Report: YouTube becoming a major platform for viewing news
by Lesley Lanir (Guest contributor/Digital Journalist)
Bought by Google in 2006 for $1.65 billion in stock, YouTube has changed from being a place for uploading videos, to a popular news site for news organizations, and professional and citizen journalists.
Pew Research Center’s Project for Excellence in Journalism examined 15 months’ worth of the most popular news videos on YouTube’s “news & politics” channel from January 2011 to March 2012.
The PEJ team began by tracking 295 news videos during the 15-month period. However, 35 videos were removed from YouTube before the research was completed, so a sample of 260 videos was used.
For each week, the researchers identified the five most weekly videos that received the most views and looked into:
• video type and length
• popular topics
• the producers
• who uploaded them
Popular videos topics were Japan’s Earthquake and Tsunami, Russian Elections and Middle East Unrest.
The results of the research showed that citizens are uploading their own news video creations and are also avidly viewing and sharing videos produced by professionals. Almost 40% of the most watched videos were identified as from citizens.
It was also seen that news organizations are using ‘citizen content’ within their reports and that clear ethical standards have not been developed on how to correctly attribute the video content being uploaded and shared.
The researchers also noted that:
• News organizations sometimes post content filmed by citizen eyewitnesses without attribution.

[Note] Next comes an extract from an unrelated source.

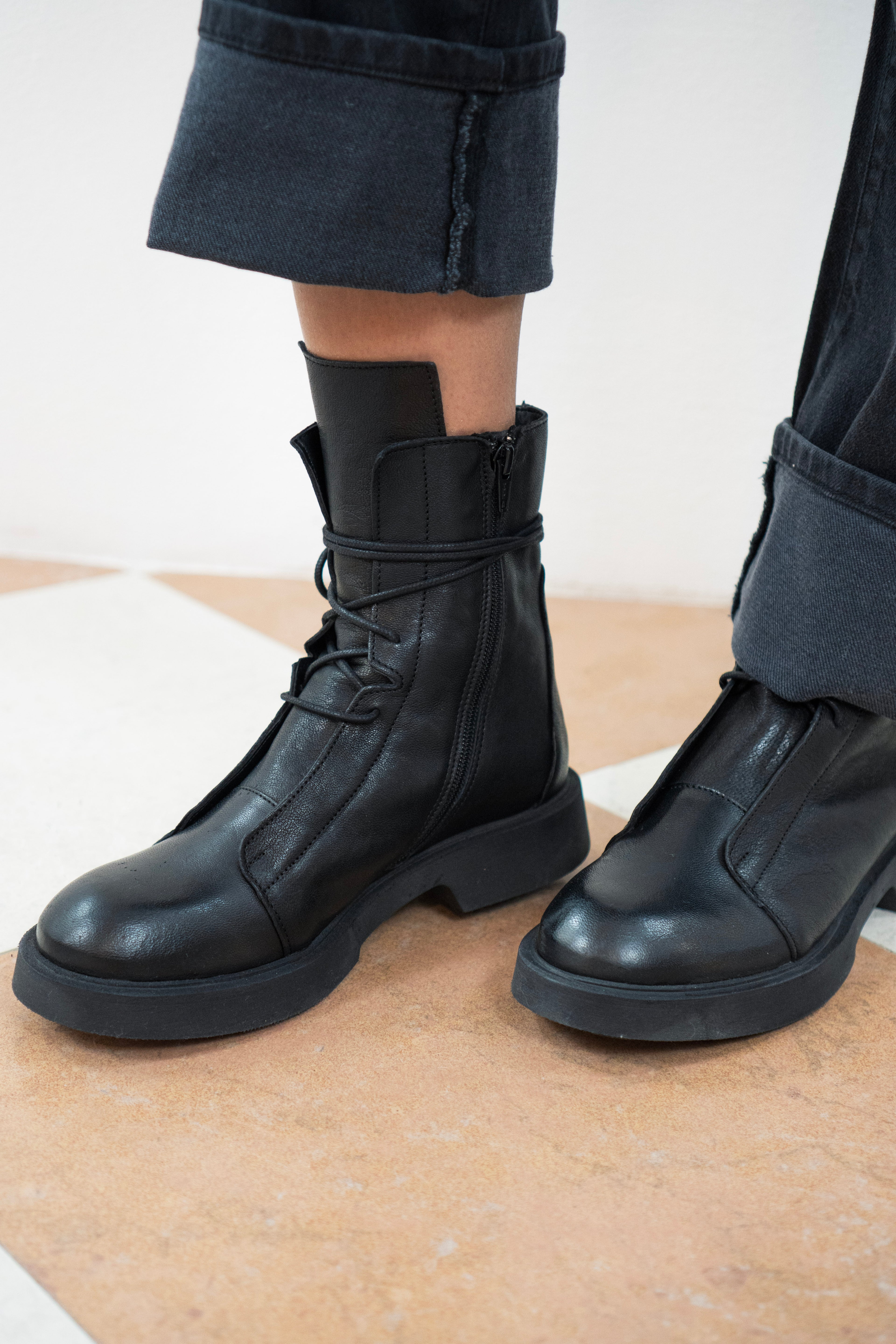 Anfibi Neri con Lacci e Zip Laterale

• Citizens are posting copyrighted material without permission and the origin of some material cannot be identified.
All this can lead to falsified news reports with the viewers having no way of verifying what they are watching.

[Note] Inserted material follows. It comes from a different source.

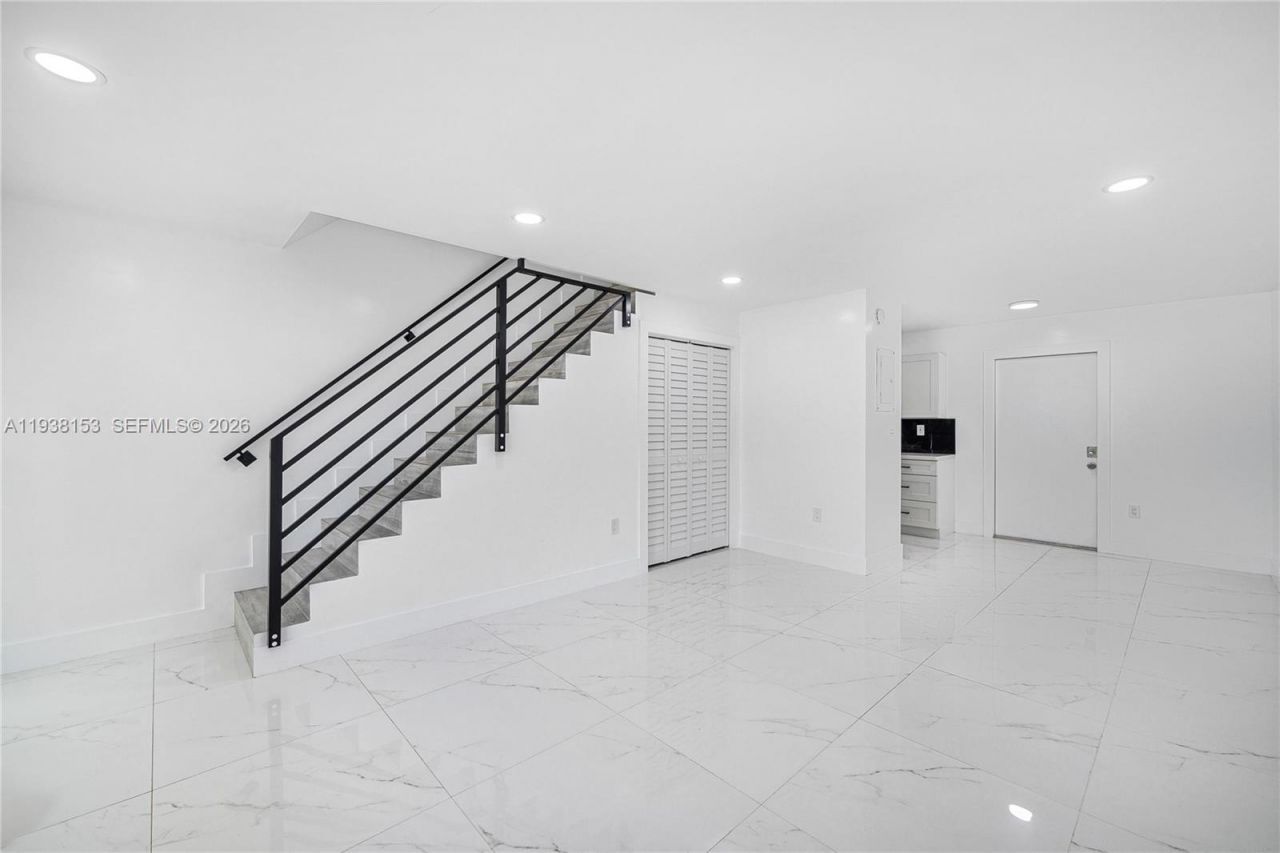 131 NE 77th St, Unit 5, Miami, FL 33138 Photo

PEJ listed the following as the key findings of their study:
• Popular news videos tend to depict natural disasters or political upheaval.
• News events are short-lived but they can outperform even the biggest entertainment videos.
• Citizens play a significant role in supplying and producing footage.
• Citizens are also responsible for posting a lot of the videos originally produced by news outlets.
• Personalities are not a main driver of the top news videos.
• Unlike in traditional TV news, the length of the most popular news videos on YouTube vary greatly.
Digital Journal contacted Amy Mitchell, Deputy Director of Pew Research Center’s PEJ to find out more.
Why do you think people are turning to YouTube for News videos?
The YouTube platform offers a new form of video journalism. Individuals can bear witness to events in a new and powerful way. As with other social and web-based media it also allows people to watch these moments on their own agenda, and to share them with others.
Are you surprised at the type of news videos being viewed?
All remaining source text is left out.